Brief descriptive captions
☆ ☆ ☆
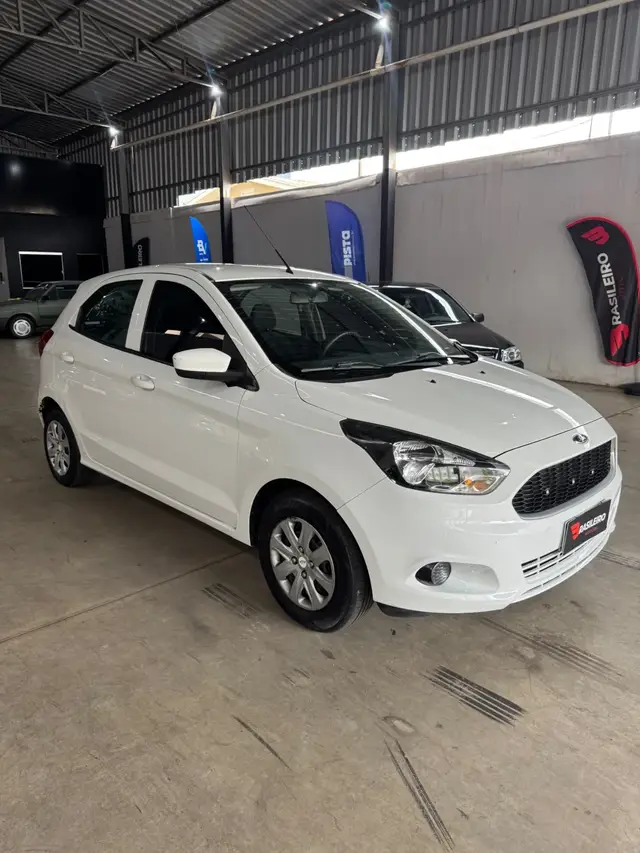 Carro Ford Ka 2018 1.0 SE (Flex)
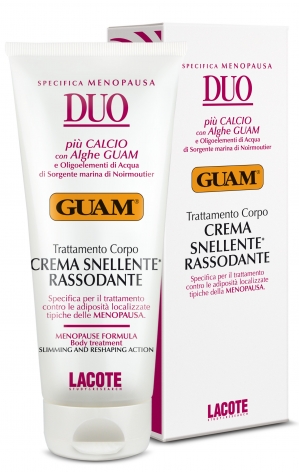 GUAM DUO CREMA SNELLENTE SPECIFICA PER LA MENOPAUSA 200 ML - Farmacia Murachelli Di Putelli dr. Giovanni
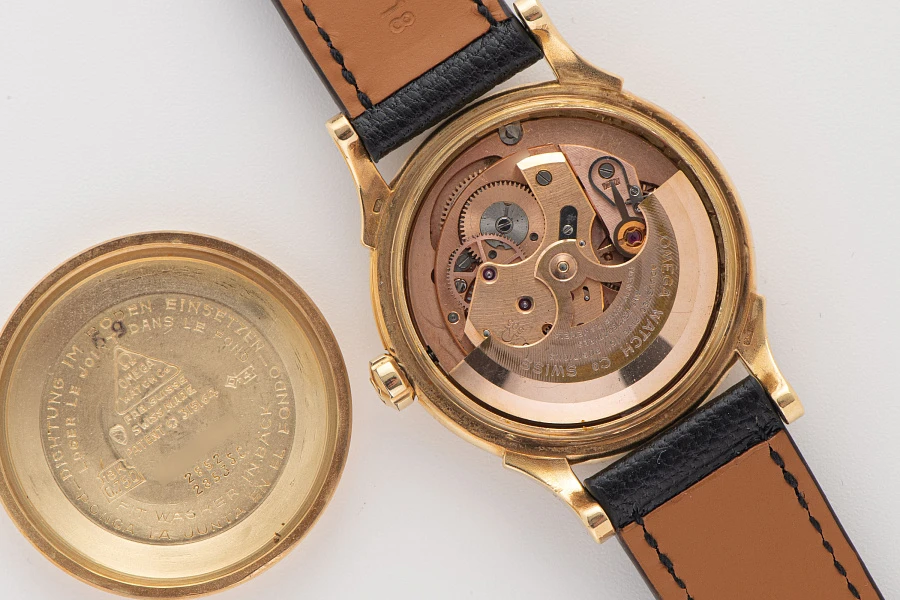 Constellation 'Pie Pan' Chronometer Ref. 2852 in 18k Yellow Gold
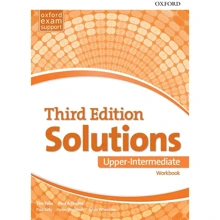 Solutions 3rd Edition Upper-Intermediate: Workbook: Производитель Oxford University Press (OUP)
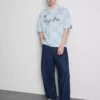 Cafa del Mar geruit poloshirt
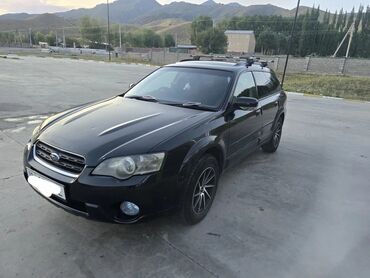 Subaru: Subaru Outback: 2003 г., 2.5 л, Автомат, Бензиновая, Универсал — 10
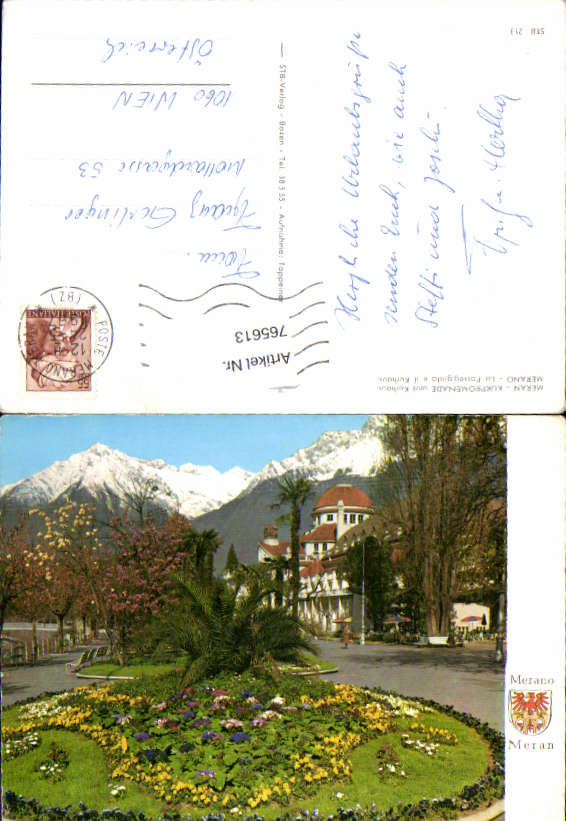 alte Ansichtskarte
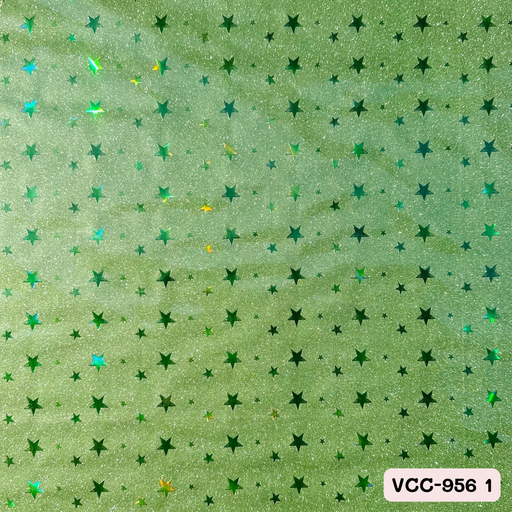 [VCC-956] กระดาษห่อของขวัญ เนื้อฟอยด์ พิมพ์ลาย  (1x100) 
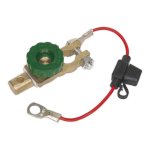 Sealey Anti-Theft Battery Terminal & Fuse Holder 12-24V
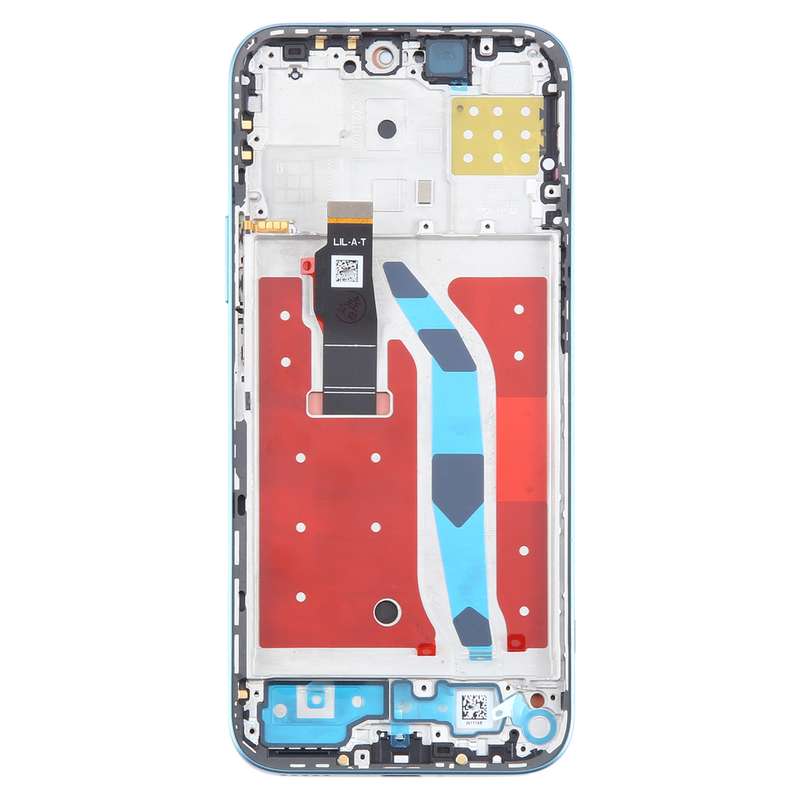 For Honor X50i+ Original LCD Screen Digitizer Full Assembly with Frame (Black)
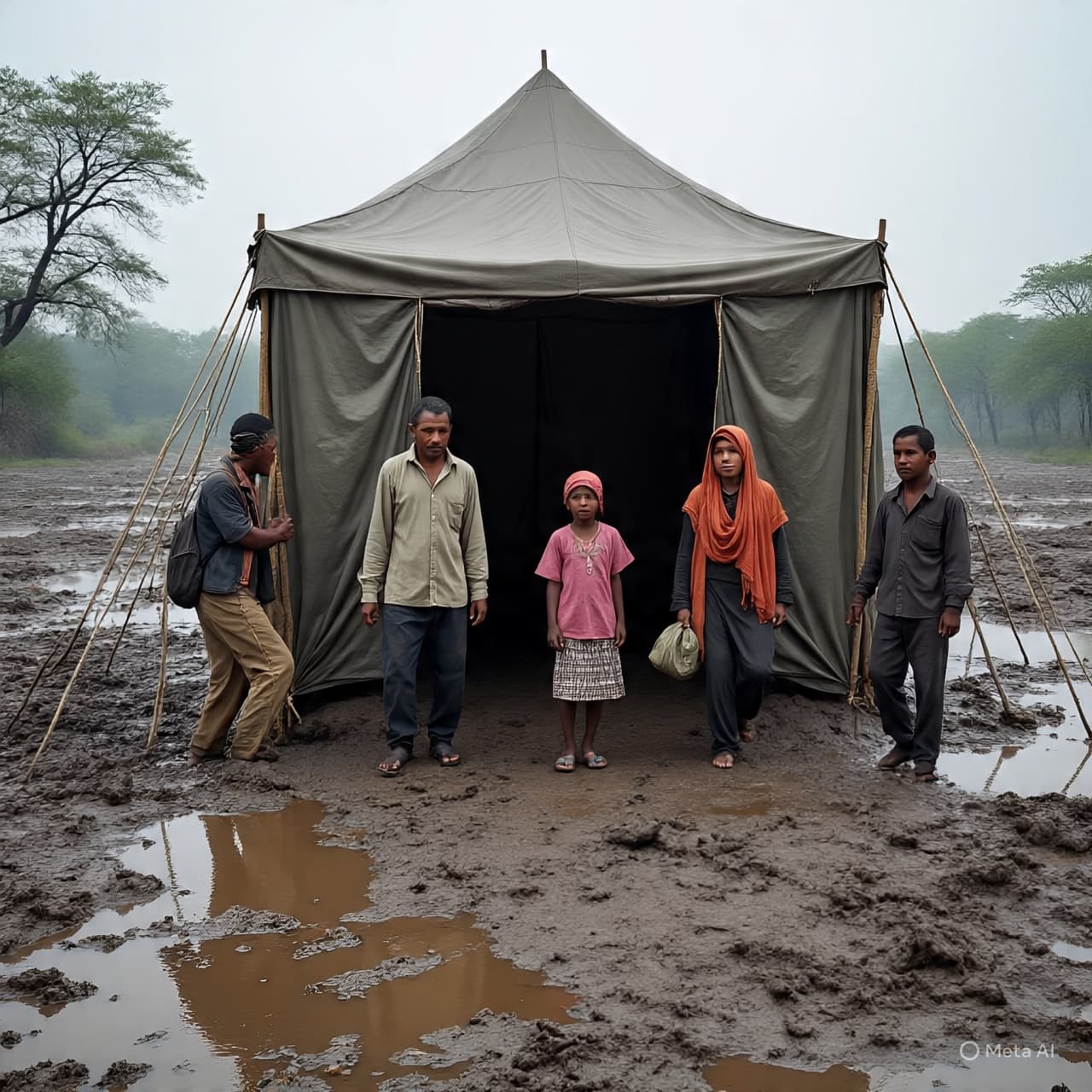 “In the Wake of the Flood: Searching for Voices Buried in the Waters”
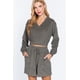 thumbnail image 1 of Blusa de Rizo con Dobladillo Elástico, 1 of 3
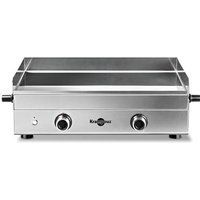 Krampouz Gas Plancha Design Dubbel PFDS2MA-KR 4000 W Inox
☆ ☆ ☆
For every line above, produce an exact transcription that omits the images.

 Carro Ford Ka 2018 1.0 SE (Flex)
 GUAM DUO CREMA SNELLENTE SPECIFICA PER LA MENOPAUSA 200 ML - Farmacia Murachelli Di Putelli dr. Giovanni
 Constellation 'Pie Pan' Chronometer Ref. 2852 in 18k Yellow Gold
 Solutions 3rd Edition Upper-Intermediate: Workbook: Производитель Oxford University Press (OUP)
 Cafa del Mar geruit poloshirt
 Subaru: Subaru Outback: 2003 г., 2.5 л, Автомат, Бензиновая, Универсал — 10
 alte Ansichtskarte
 [VCC-956] กระดาษห่อของขวัญ เนื้อฟอยด์ พิมพ์ลาย  (1x100) 
 Sealey Anti-Theft Battery Terminal & Fuse Holder 12-24V
 For Honor X50i+ Original LCD Screen Digitizer Full Assembly with Frame (Black)
 “In the Wake of the Flood: Searching for Voices Buried in the Waters”
 thumbnail image 1 of Blusa de Rizo con Dobladillo Elástico, 1 of 3
 Krampouz Gas Plancha Design Dubbel PFDS2MA-KR 4000 W Inox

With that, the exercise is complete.